Au-delà, on peut même supposer que le constructivisme bionique cherche à supprimer les causes les plus profondes de ce qu’il appelle le « malheur humain ». Non plus seulement les déficiences organiques mais l’inquiétude métaphysique, la dualité sexuelle, l’insatisfaction à l’égard des choses finies. Et si l’on en venait ainsi à modifier la nature pour supprimer l’inquiétude de l’infini, alors nous pourrions vivre une vie interminable d’ennui sans nous ennuyer, et regarder passer les trains jusqu’à l’Apocalypse. C’est l’idée qui pourrait bien finir par naître dans l’esprit de l’homme immortel qu’on nous prépare : devenir des bêtes. Ce serait là l’ultime résultat du constructivisme.

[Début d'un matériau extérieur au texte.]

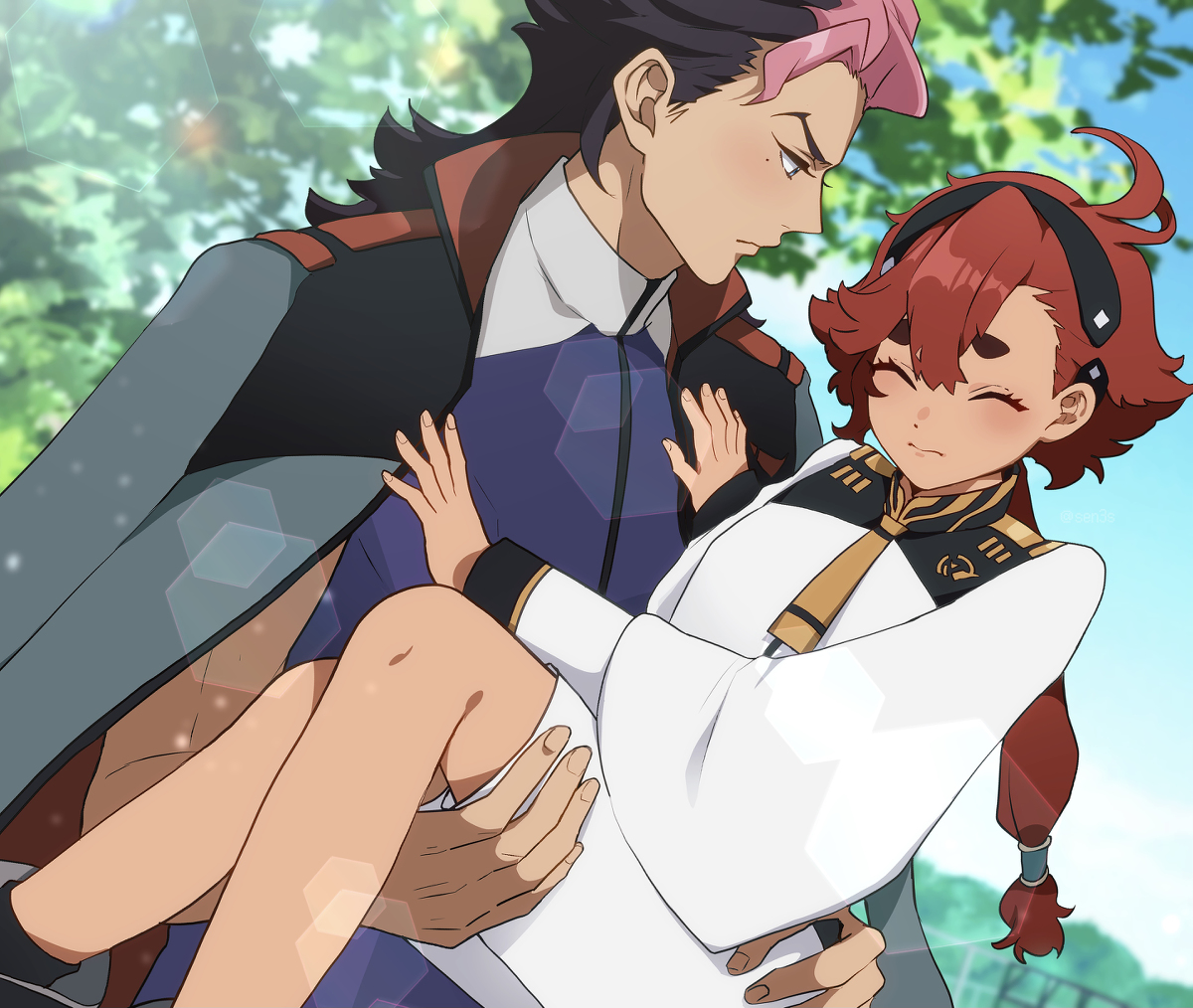 This is a pixiv picture whose title is グエルとスレッタ.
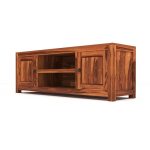 Solid Sheesham Wood Entertainment TV Unit with 2 Door | Rosewood Tv Stand/TV Cabinet for Living Room | Bedroom | Wooden TV Panel with Shelf Stoarge | TV Table (Honey) - Image 3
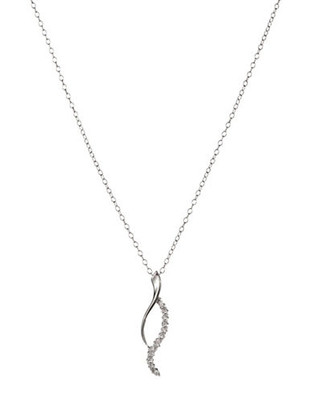 Expression Sterling Silver and Cubic Zirconia Twisted Pendant Necklace - Silver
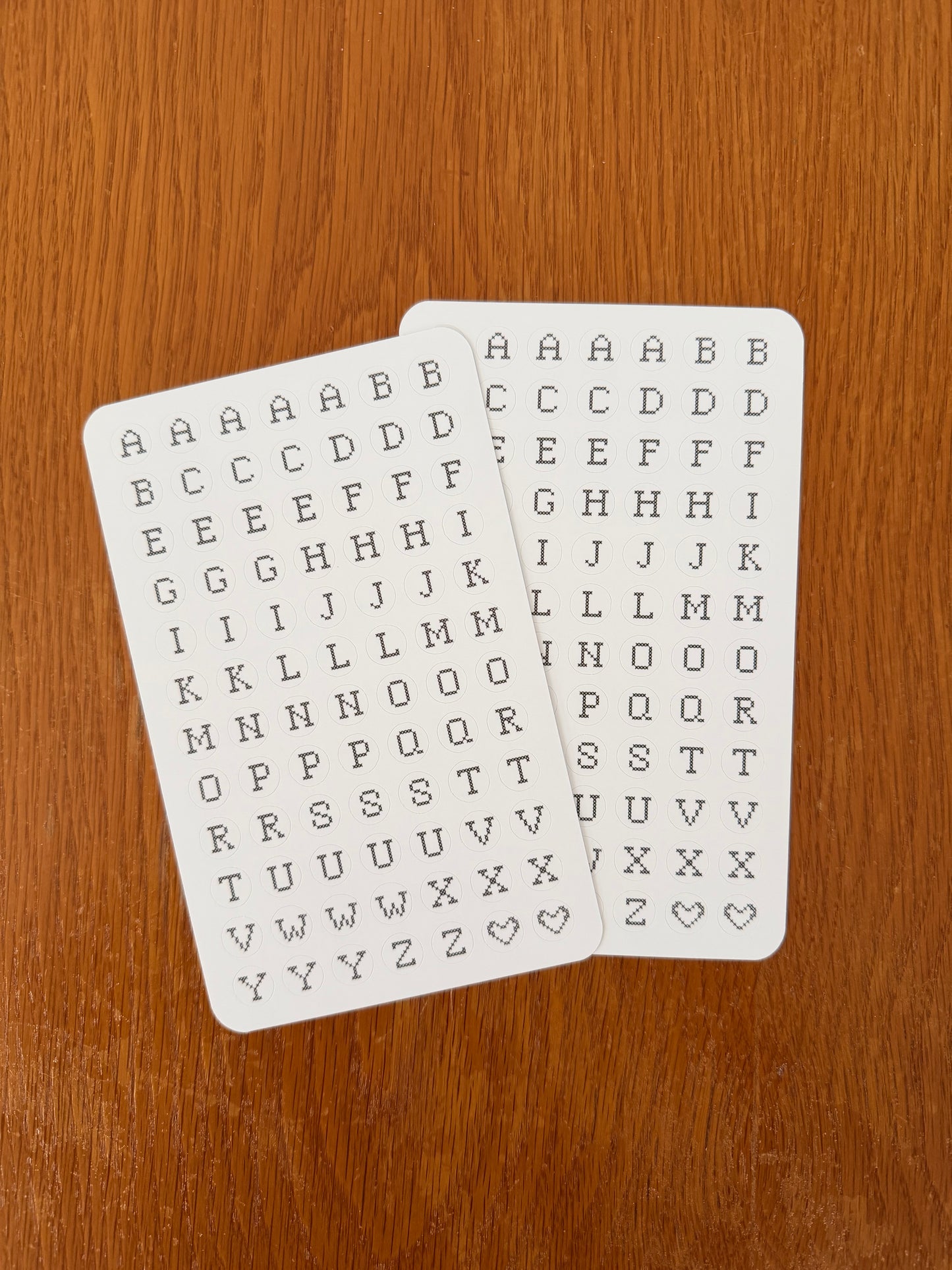 Black & White Cross Stitch Letters Sticker Sheet - Matte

La nature humaine n’est pas auto-fondée

Il semble donc qu’en dernière instance, la nature humaine ne soit pas auto-fondée : ce qui la justifie, ce qui justifie qu’on ne la modifie pas, qu’on ne l’efface pas de la surface de la Terre, qu’on ne construise pas autre chose à la place, est extérieur à elle, c’est le Créateur lui-même.

Cela veut dire que, sans la Grâce, il est possible que la nature se lasse d’elle-même et veuille se supprimer. C’est donc en dernière instance à la Grâce qu’il faut demander non seulement le salut de notre nature, mais son maintien contre les assauts de la Grande Fatigue occidentale.